News and Media
Mapping the roots of brain cancer
Dr. Hayden Selvadurai, a lead researcher on the project to identify the origins of childhood brain cancer. OICR-funded researchers pinpoint short-lived cells that give rise to childhood brain tumours
Dr. Hayden Selvadurai, a lead researcher on the project to identify the origins of childhood brain cancer.

OICR-funded researchers pinpoint short-lived cells that give rise to childhood brain tumours

Childhood brain tumours are remarkably complex, but understanding their origins could help researchers develop drugs to eliminate them. Where can these cells be found? How early do they appear? How do they lead to tumours? For Dr. Hayden Selvadurai, these unresolved questions were a call to action.

In a recent study, published in Cell Reports, Selvadurai and collaborators at The Hospital for Sick Children (SickKids) discovered a rare type of stem cell that gives rise to medulloblastoma, the most common type of brain cancer in children. Their study shows that these cells arise early in brain development and exist for a brief period of time – a developmental window which scientists can now home in on.

“If we can’t eliminate the stem cells at the root of medulloblastoma, we can’t effectively treat the disease,” says Selvadurai, who was a Postdoctoral Fellow under the supervision of Dr. Peter Dirks while leading this study. Dirks is Head of the Division of Neurosurgery at SickKids, Principal Investigator at The Arthur and Sonia Labatt Brain Tumour Research Centre, Professor at the University of Toronto and Co-leader of OICR’s Brain Cancer Translational Research Initiative (TRI). “These problematic cells arise amid a complex and intricate process of fetal brain development and we were able to pinpoint exactly when that happens.”

The study builds on the research group’s previous publication in Cancer Cell that traced the origins of medulloblastoma growth back to a small group of cells that distinctively expressed the SOX2 gene. Using single-cell RNA sequencing, lineage tracing and advanced imaging techniques, the team showed that these stem cells were responsible for generating all other tumour cells and could give rise to new tumours if not fully eliminated.

“I’m proud of these findings because we were able to unify our knowledge of developmental neurobiology with cancer biology,” says Selvadurai. “We were able to build on our understanding of medulloblastoma growth while improving our experimental models of brain cancer.

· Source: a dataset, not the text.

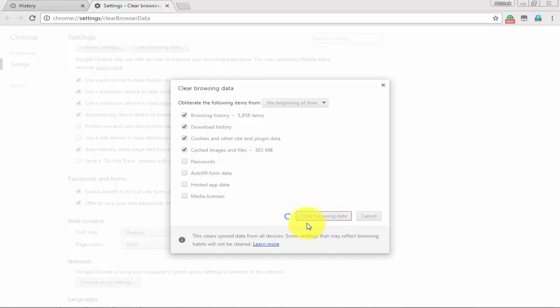Once you have selected clear browsing data, all your information will be deleted from your PC and that's how to delete Chrome history.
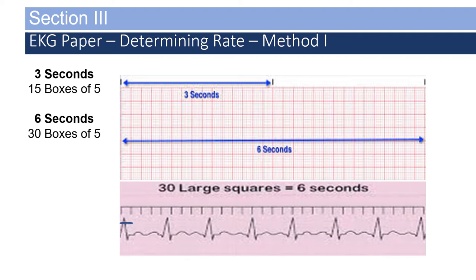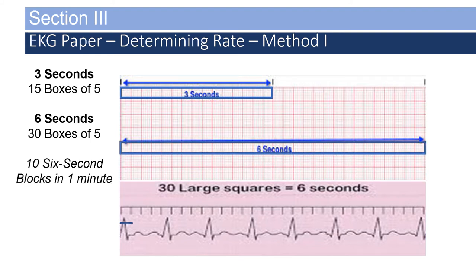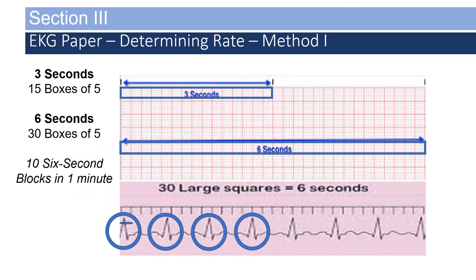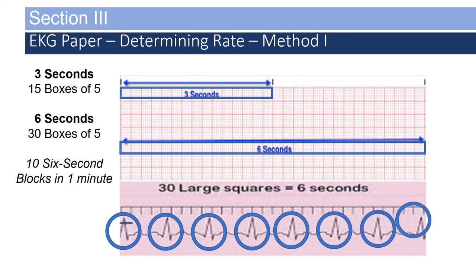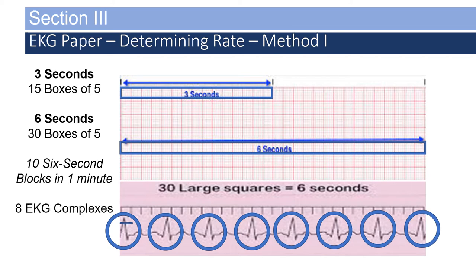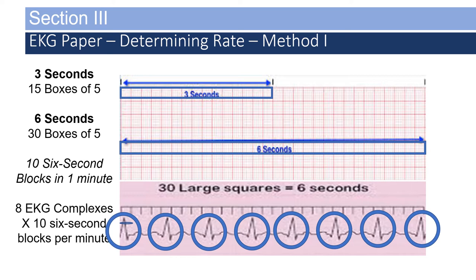There are 10 six-second blocks in one minute. If we count the complexes within six seconds, it looks like we have eight of them. Eight EKG complexes times 10 — because there are 10 six-second blocks per minute — gives you 80 beats per minute.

Together, this work could help the community develop new effective treatments for patients with the disease.”

Dirks’ research group plans to further investigate the genes involved in the early stages of medulloblastoma in collaboration with OICR’s Brain Cancer TRI team.

This study was supported in part by the Canadian Institutes of Health Research and OICR through the Stand Up to Cancer (SU2C) Canada Cancer Stem Cell Dream Team.